SEC Charges Companies Over Cybersecurity Disclosure Failures
On October 22, 2024, the U.S. Securities and Exchange Commission (SEC) took a significant step in enforcing cybersecurity disclosure regulations by charging four publicly traded companies for disseminating misleading information regarding cybersecurity risks and actual breaches. These charges stemmed from an investigation into the notorious 2020 cyberattack on SolarWinds Corporation’s Orion software platform, which had far-reaching implications across various sectors.
Background of the SolarWinds Incident
The SolarWinds cyberattack, which came to light in December 2020, was a sophisticated supply chain attack that compromised the software used by thousands of organizations, including government agencies and Fortune 500 companies. Hackers infiltrated the Orion platform, allowing them to access sensitive data and systems across a wide range of industries. The incident highlighted vulnerabilities in cybersecurity practices and raised questions about the adequacy of corporate disclosures regarding cyber risks.
SEC Findings and Charges
The SEC’s investigation revealed that each of the charged companies had learned about the SolarWinds-related intrusions into their systems in either 2020 or 2021. However, in their public disclosures made in 2021 and 2022, these companies downplayed the severity of the attacks, thereby misleading shareholders and the investing public. The SEC alleged that these actions violated Section 13(a) of the Securities Exchange Act of 1934, which mandates accurate reporting by public companies.
The companies involved agreed to settle the charges with varying civil penalties:
- Company A: $990,000 civil penalty for failing to disclose the extent of encrypted credentials accessed.
- Company B: $1 million civil penalty for inaccurately reporting the scope of the attack, claiming only a limited number of email messages were accessed when over 100 files were compromised.

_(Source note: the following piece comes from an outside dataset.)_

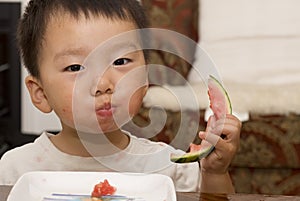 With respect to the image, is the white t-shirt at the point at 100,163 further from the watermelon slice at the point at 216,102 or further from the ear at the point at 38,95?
the watermelon slice at the point at 216,102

- Company C: $995,000 civil penalty for providing generic descriptions of cyber risks in its annual reports, despite being aware of the intrusion.
- Company D: $4 million civil penalty for discussing hypothetical future risks while knowing it had already experienced two intrusions. This company also faced additional charges related to its disclosure controls and procedures.
The SEC’s Stance on Cybersecurity Disclosures
The SEC has consistently emphasized that public companies, even if they are victims of cyberattacks, must not mislead their shareholders through vague or inaccurate disclosures. The agency reiterated its guidance from 2011 and 2018, which cautioned companies against framing known risks as hypothetical when they have already materialized. This guidance is particularly relevant in the context of the increasing sophistication and frequency of cyberattacks.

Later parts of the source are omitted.